## BRIEF
Output the listing exactly, without its pictures.

## DATA SHOWN
*** Block opens ***

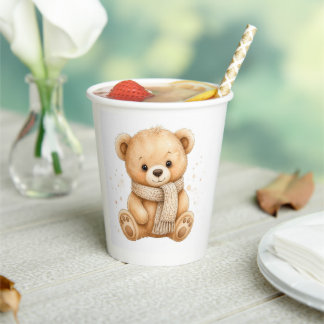Gobelets En Papier Mignon ours en peluche bébé neutre avec écharpe ta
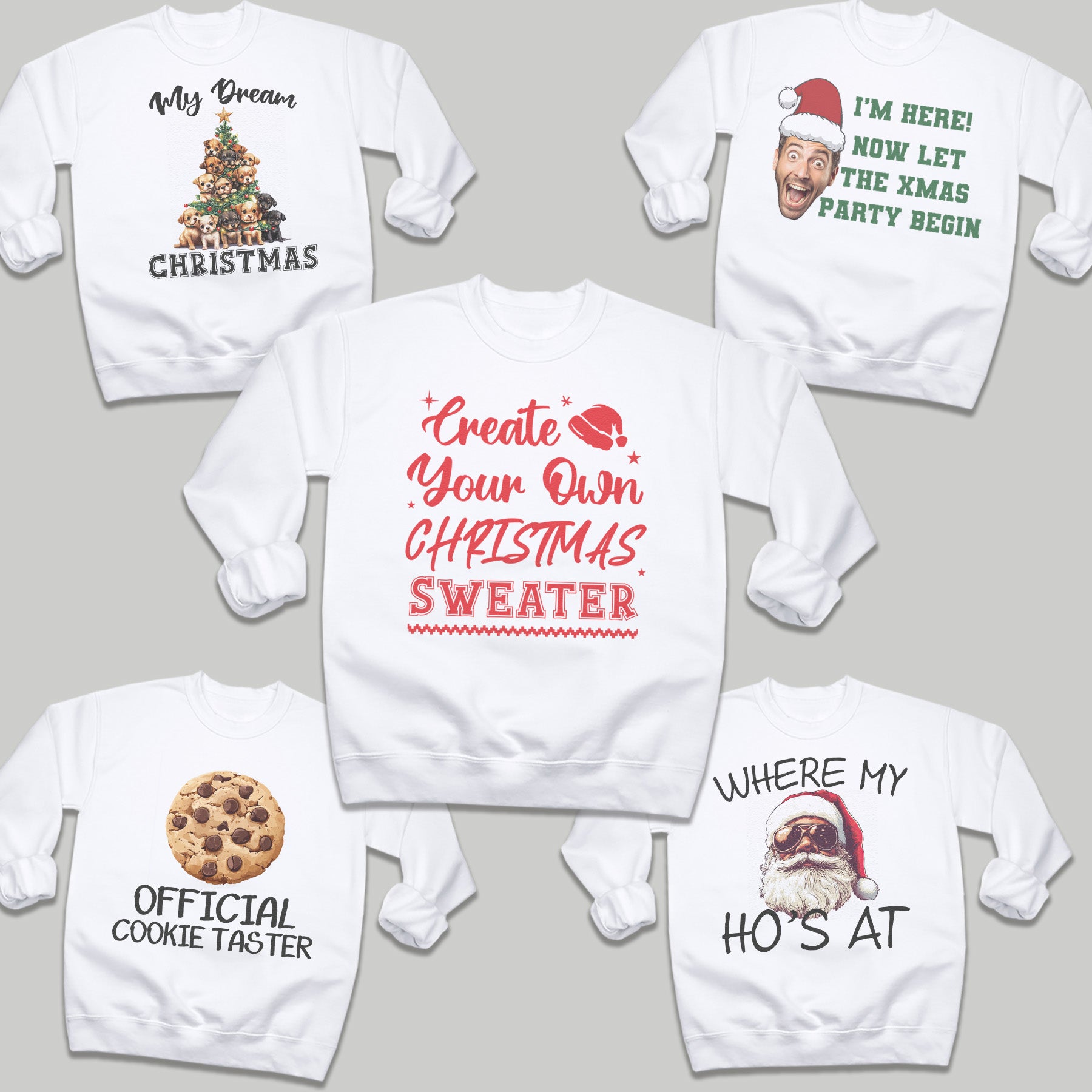 PERSONALISED - Printed Christmas Sweater with Text, Photos, anything! - All Kids & Adult Sizes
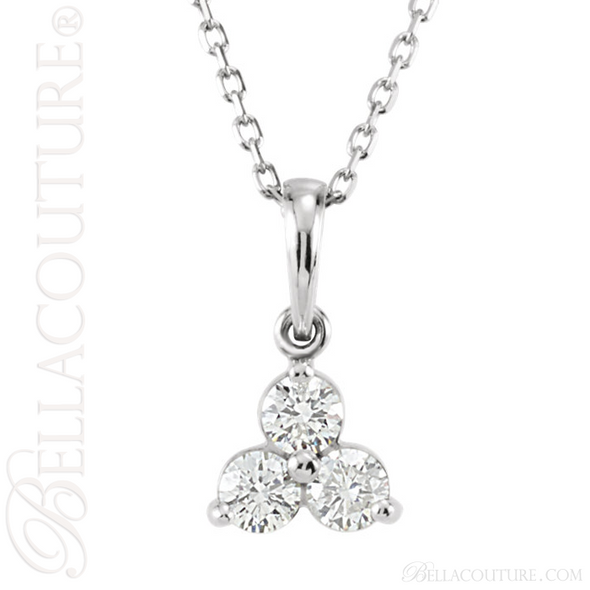 (NEW) BELLA COUTURE DEMI Gorgeous Three-Stone Diamond 14K White Gold Chain Necklace (1/2 ct. tw.) (18" Inches in Length)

*** Block closes ***

## EXERCISE SOLUTION
Gobelets En Papier Mignon ours en peluche bébé neutre avec écharpe ta
 PERSONALISED - Printed Christmas Sweater with Text, Photos, anything! - All Kids & Adult Sizes
 (NEW) BELLA COUTURE DEMI Gorgeous Three-Stone Diamond 14K White Gold Chain Necklace (1/2 ct. tw.) (18" Inches in Length)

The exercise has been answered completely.